В основе пространственно-временной структуры дневника Толстой лежит субъективно-психологическое понимание времени. Для нее время всегда было и оставалось мерой личностных измерений, реже – семейных и никогда – континуально-исторических. Аналогичным образом понимала она и пространство.
Подобное понимание не было обусловлено исключительно индивидуально-психологическими особенностями. На нем лежит печать воспитания и образа жизни жены писателя.
Своеобразие хронотопа дневника определяет противоречие между широтой культурного кругозора Толстой и узостью физически освоенного ею пространства. Большую часть жизни, за исключением восьми лет, прожитых зимой в доме в Хамовниках, Софья Андреевна провела в Ясной Поляне, изредка выезжая в Москву на симфонические концерты и музыкально-драматические спектакли. Еще реже, в деловых целях, посещала столицу. На склоне лет она с горечью признавалась в дневнике, что ее географический кругозор крайне узок: «<…> я никогда нигде не была, ни за границей, ни по России» (т. 1, с. 435).
Правда, значительную роль в формировании дневникового хронотопа играют психологический характер автора и типология дневника. Однако в истории жанра встречаются примеры, когда его изначальная форма менялась в зависимости от динамики внешней жизни повествователя. Так, дневник Н.И. Тургенева зафиксировал принципиальную смену пространственно-временной парадигмы в 1820-е годы: от психологического времени дневников 1800–1810-х годов, под влиянием многочисленных путешествий, впечатлений и перемен мест, он перешел к локально-континуальному временному измерению. Расширившийся географический горизонт естественным образом вместил увеличившееся культурное время – пространство.

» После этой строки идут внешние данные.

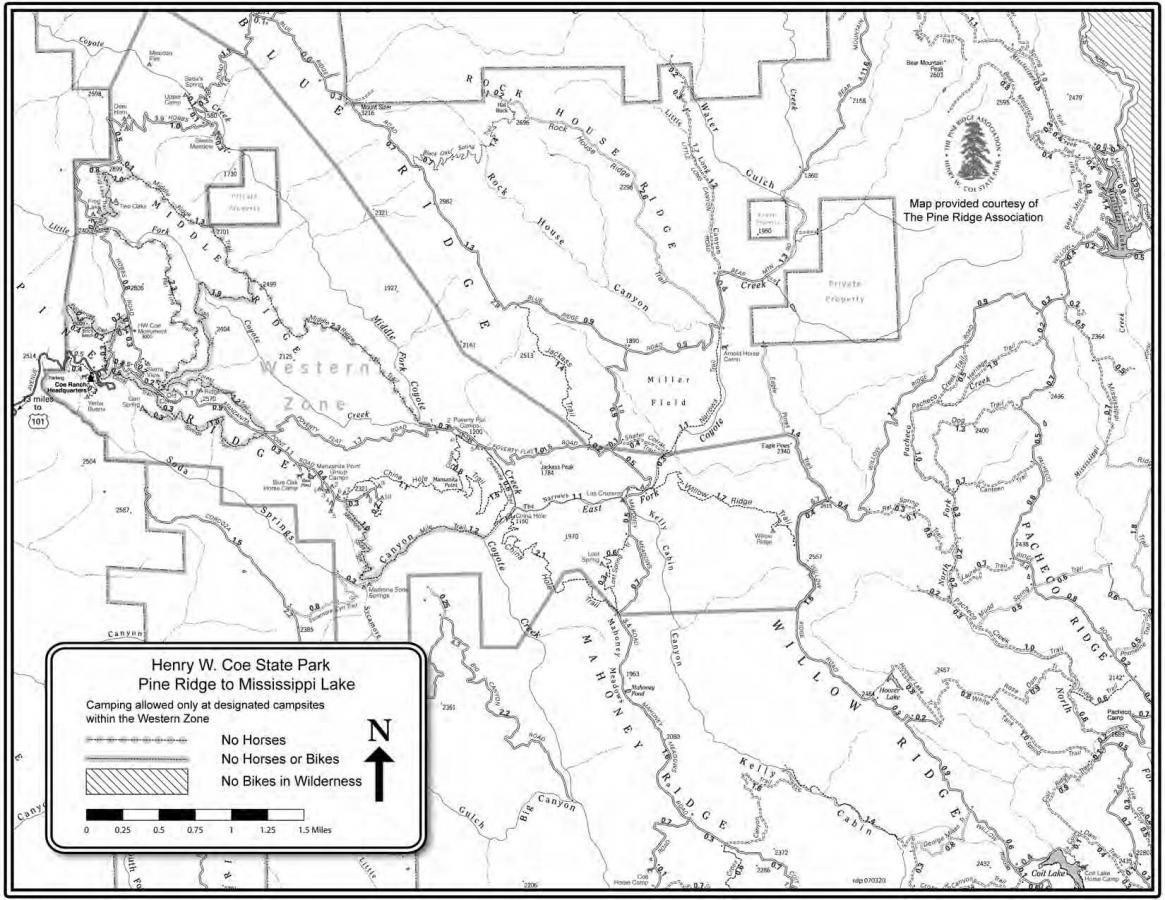 Alt text: "Map of Henry W. Coe State Park showing the area from Pine Ridge to Mississippi Lake, including designated camping zones and trails. The map features a legend indicating restrictions on horse riding and biking in various areas." Coe Middle Ridge mountain bike trail.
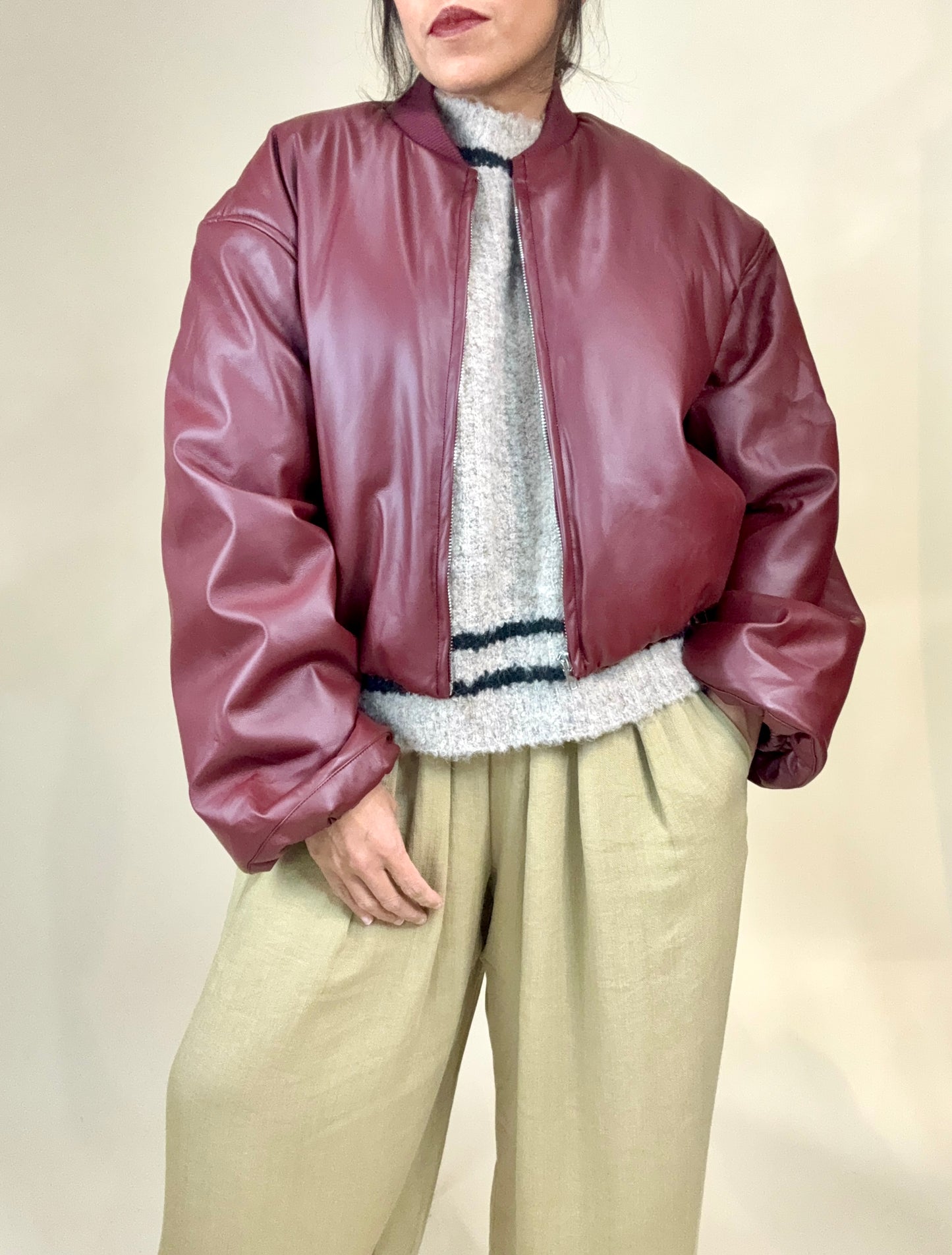 Lovely Wine Faux Leather Bomber Jacket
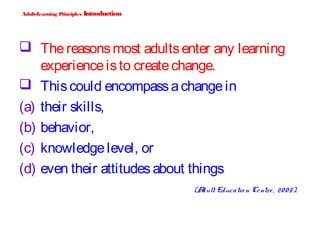Health education and adults learning. 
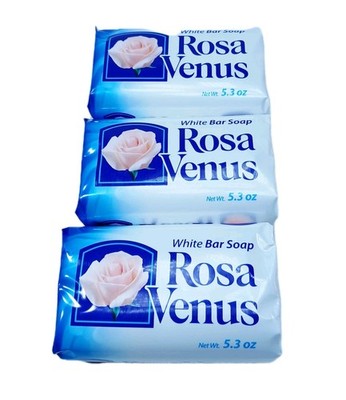 3 Rosa Venus White Bar Soap 5.3 oz   Classic Gentle Scented Bars Free Shipping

У Толстой подобные изменения не наблюдаются ни в малой степени даже во время ее пребывания в Гаспре в 1902 г. Крымские впечатления не входят в повествование вследствие выработавшегося творческого принципа пространственно-временной организации событий.
Едва заметные изменения в этой области намечаются по мере того как старшие дети, обзаведшиеся своими семьями, начинают уходить из родного дома. В круг описанных дневных событий понемногу входят факты их самостоятельной домашней жизни, а с ними расширяется и пространство: Телятинки, Кочеты, Козловка. Но это обстоятельство не оказало существенного влияния на устоявшуюся структуру хронотопа.
Время и пространство являются формами автономного внутреннего мира Толстой, который сложился в ее сознании в 1860-е годы. Вместе с другими элементами этого мира они проецируются на события текущей жизни, зафиксированные в дневнике.
В поздних тетрадях время представляется как итог прожитого, вне пространственной конкретности. Оно измеряется нравственно-психологическими понятиями: «Вечер у Колокольцевых. Какой трагизм в материнстве! Эта
Попытку преодолеть условность дневникового времени и пространства представляют собой так называемые «Ежедневники», которые Толстая вела с 1905 г. параллельно дневникам. Эта разновидность записей аналогична той, которую Толстой делал в своем дневнике под заголовком «Думал». Объективно-физическое время – пространство здесь противопоставлено автономному следованию событий душевной жизни. Их несоответствие как бы устанавливается фактически.
Усложнить способ ведения дневника Толстую, как и самого писателя, заставили возрастные изменения в психике, осложненные духовным одиночеством каждого из супругов. Все труднее оказывалось совмещать в одной записи внутренние переживания, текущие в своих временных рамках, с событиями объективного мира. В молодом сознании эти две автономные сферы соприкасались по той причине, что впереди была еще большая жизненная перспектива, и мир, несмотря на все противоречия, воспринимался целостно. Во второй половине жизни душевный мир оказался ценнее и предпочтительнее мирских забот, семейной жизни.